Haben wir Covid-19 zu früh für bezwungen erklärt? Während die Lockerungsmaßnahmen in Deutschland und anderen Ländern Europas zum Großteil immer weiter fortschreiten, beschleunigt sich die Verbreitung des Coronavirus weltweit weiterhin, mit "einer Million Neuinfektionen in nur acht Tagen", laut Angaben von Tedros Adhanom Ghebreyesus, dem Generaldirektor der Weltgesundheitsorganisation (WHO). Angesichts dieser beunruhigenden Situation schlägt die WHO Alarm und ruft die Regierungen weltweit dazu auf, dem Virus weiterhin mit voller Schlagkraft entgegenzutreten.
"Wir wissen, dass die Pandemie weit mehr ist als eine reine Gesundheitskrise: Sie ist auch eine Wirtschaftskrise, eine soziale Krise und in vielen Ländern eine politische Krise.

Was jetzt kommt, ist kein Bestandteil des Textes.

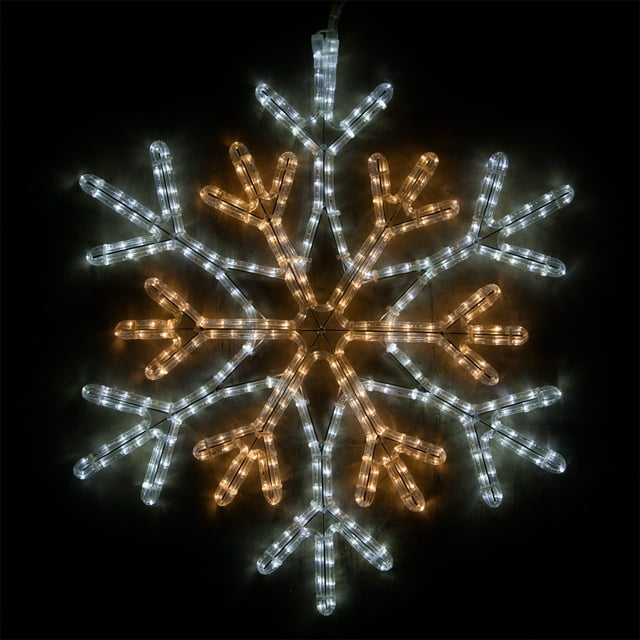 Wintergreen Lighting LED Snowflake Light Christmas Decorations Outdoor Snowflake Christmas Lights, Christmas Snowflake, LED Rope Light (28", 36 Point Star Center Snowflake, Warm White/Cool White LED)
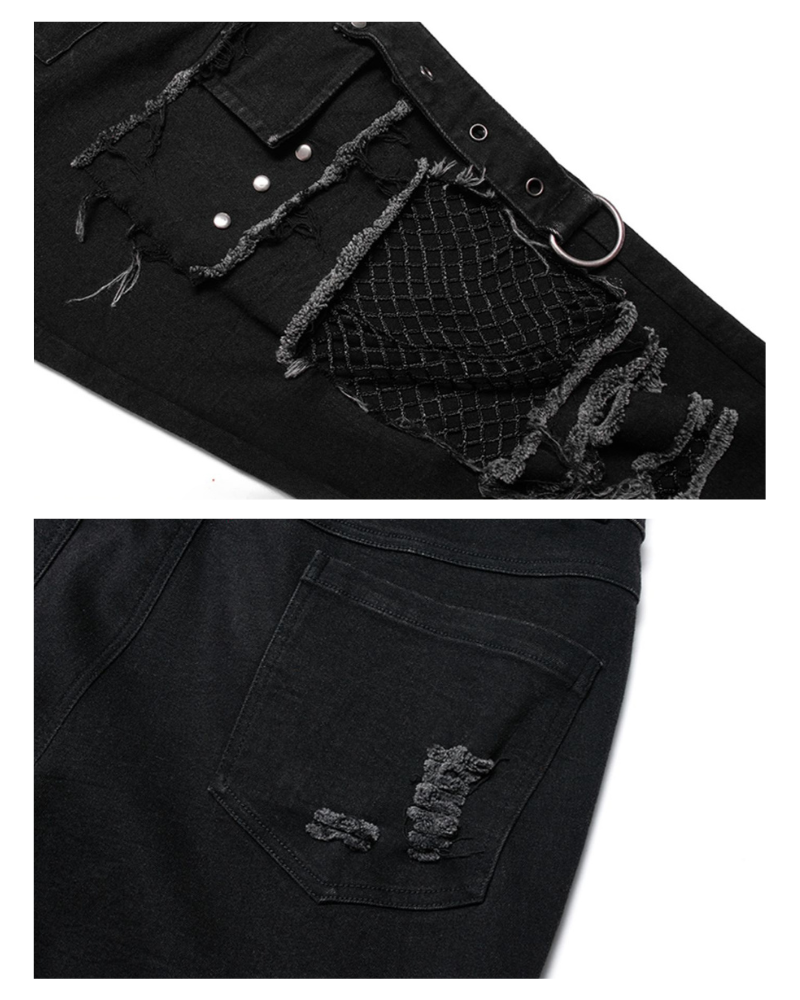 Gothic Rock Ripped Washed Punk Pants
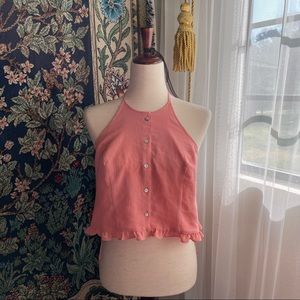 Lauren Conrad Peach Pink Smocked Open Back Crop Top Blouse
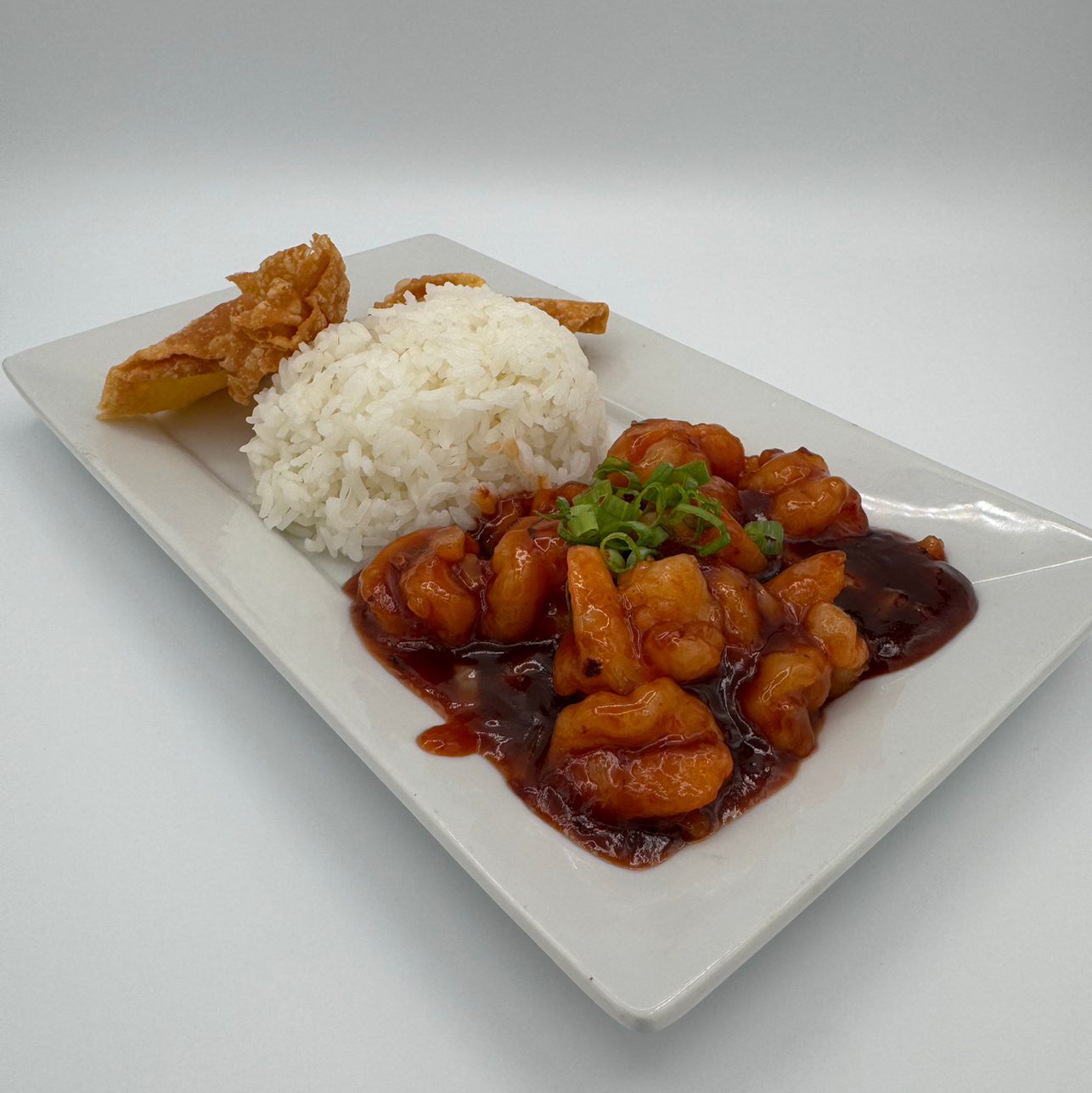 Prawns a la Peking Lunch.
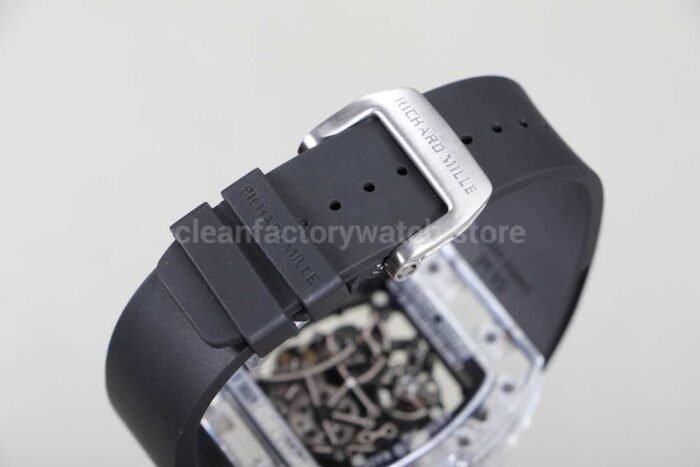 RM Factory Richard Mille RM 055 43mm Transparent Crystal Black Rubber Strap Skeletonized Black Dial - Image 7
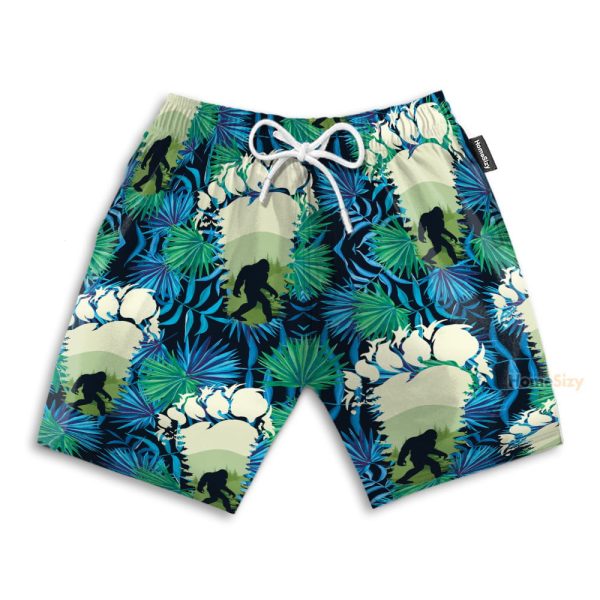 Bigfoot Footprint Men'S Button'S Up Shirts Hawaiian Shirt & Beach Shorts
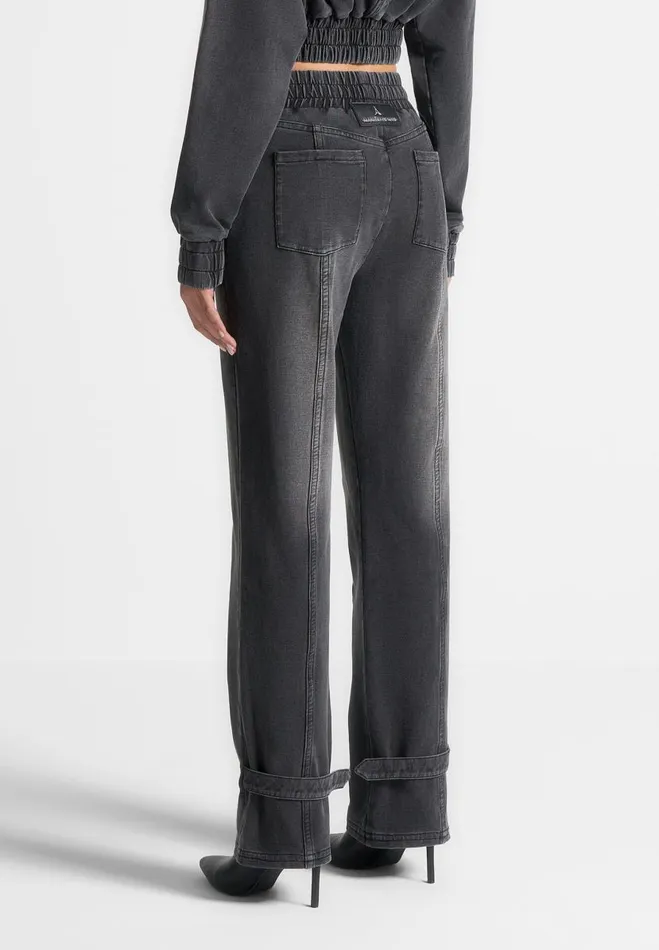 Manire De Voir Cargo Pants and Joggers Manire De Voir Woman Washed Denim Jersey Joggers 8211 Washed Black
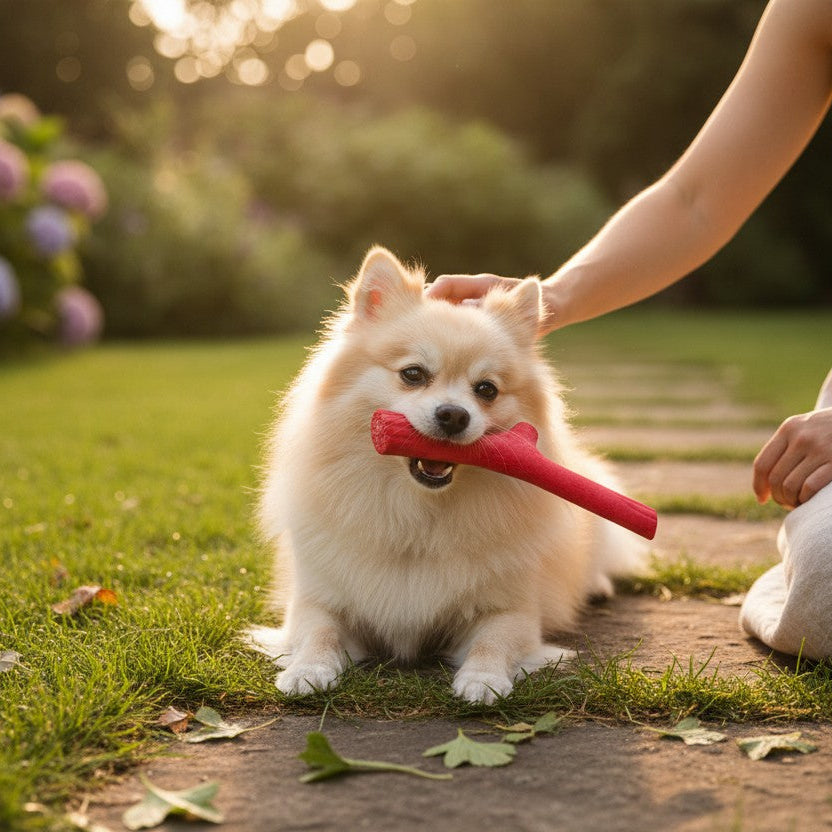 Un petit chien de type Spitz Allemand beige clair est couché sur un chemin pavé dans un jardin, tenant fièrement dans sa gueule le bâton de jeu rouge Tuttomio de Bama Pet. Une femme portant une robe beige est assise à côté de lui et le caresse. L'arrière-plan ensoleillé et flouté dévoile une pelouse verte et un massif d'hortensias violets.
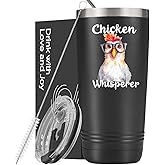Onebttl Funny Chicken Gifts for Lovers, 20oz Stainless Steel Insulated Tumbler with Straw, Lid, Chicken Themed Gift Cup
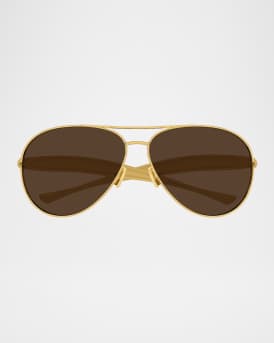 Curved Metal Aviator Sunglasses 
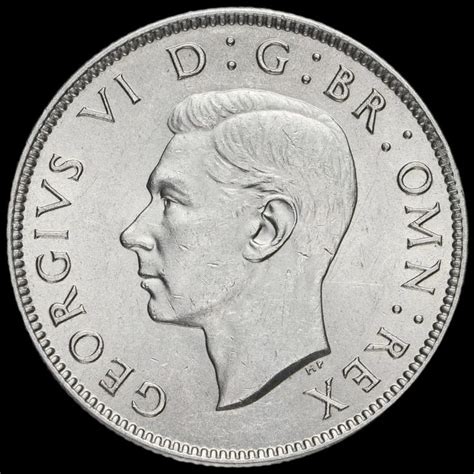 George Vi Silver Two Shilling Coin Florin A Unc George Vi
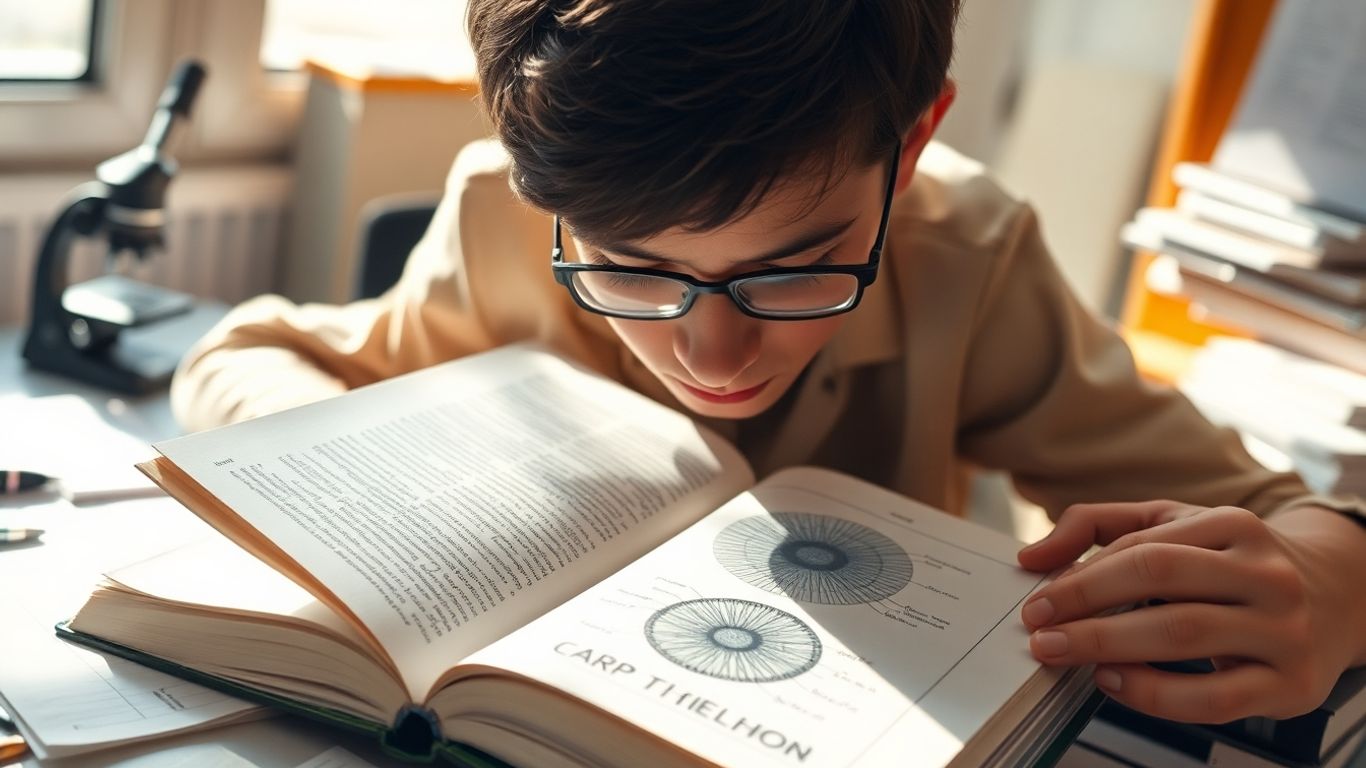 Student studying AP Biology with textbook and microscope.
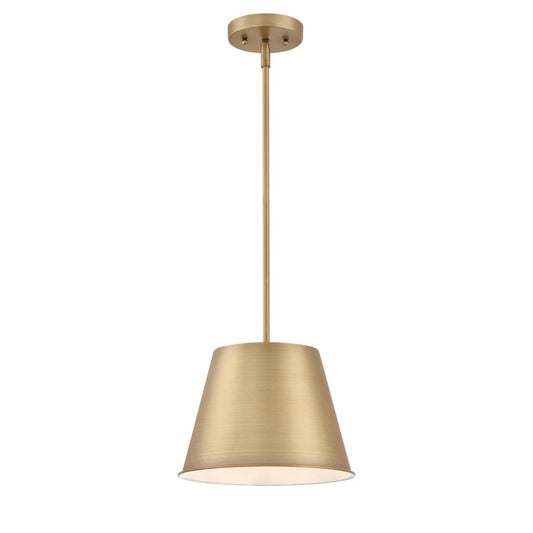 Westinghouse Derose 11in 1-Light Pendant | Transitional Brushed Brass Metal | Kitchen Island & Dining Room | 11 x 11 x 8 in | Model 6111500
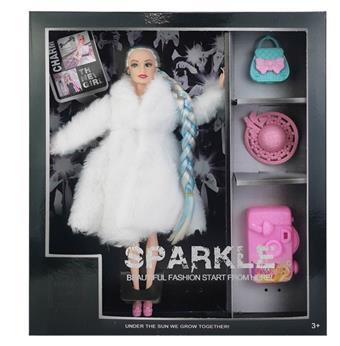 11 inch solid 9-joint long braided fur Barbie doll with hat and camera   ITEM NO.： W028321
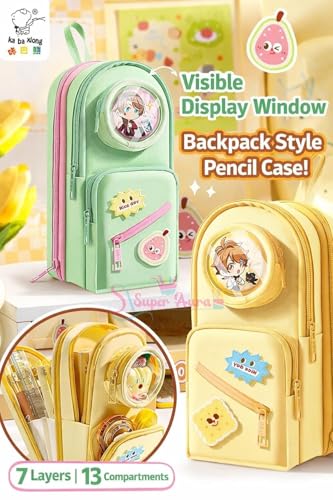Image of Cute Multi-Layer Pencil Pouch for Girls & Boys, 7 Compartments 13 Slots Large Capacity Pencil Case with Transparent Window & Patch, Hanging Loop School Organizer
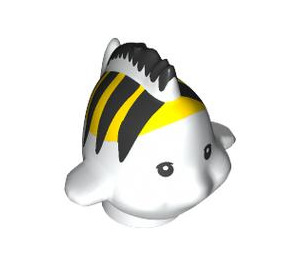 LEGO Weiß Fisch mit Schwarz und Gelb (104054)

Ihre Auswirkungen werden über Jahrzehnte spürbar sein", so Tedros Adhanom Ghebreyesus im Rahmen einer vom Emirat Dubai organisierten virtuellen Konferenz.
Neun Millionen Fälle, nahezu 470.000 Tote
Laut den zuletzt durch die WHOveröffentlichten Angaben gibt es weltweit mittlerweile mehr als neun Millionen offizielle Covid-19-Fälle. Davon sind mehr als die Hälfte in Europa und den USA zu verzeichnen. Es sind mindestens 469.000 Menschen bereits am Coronavirus gestorben, seit China das Auftreten der Krankheit im Dezember bekanntgibt.
Der amerikanische Kontinent ist am härtesten betroffen: Allein in Brasilien sind mittlerweile mehr als 51.000 Menschen gestorben, es gibt dort mindestens eine Million Infizierte. In den Riesenmetropolen Sao Paulo und Rio de Janeiro ist die Lage am schlimmsten. Mexiko hat bereits mehr als 20.000 Todesfälle zu beklagen, Argentinien 1.000 und Peru 8.000.
Afrika wappnet sich für das Coronavirus
Bisher hält sich der Covid-19-Ausbruch auf dem afrikanischen Kontinent in Grenzen, doch manche Länder erhalten bereits einen Vorgeschmack auf die brutale Entwicklung, die die Krankheit dort nehmen kann. Dies ist etwa in Südafrika der Fall, wo bereits mehr als 100.000 Menschen an Covid-19 erkrankt und beinahe 2.000 daran gestorben sind. Trotz dieser schlimmen Bilanz liegt die Sterblichkeitsrate des Virus in Südafrika "nur" bei 2 % und 52,6 % der Infizierten sind bereits genesen.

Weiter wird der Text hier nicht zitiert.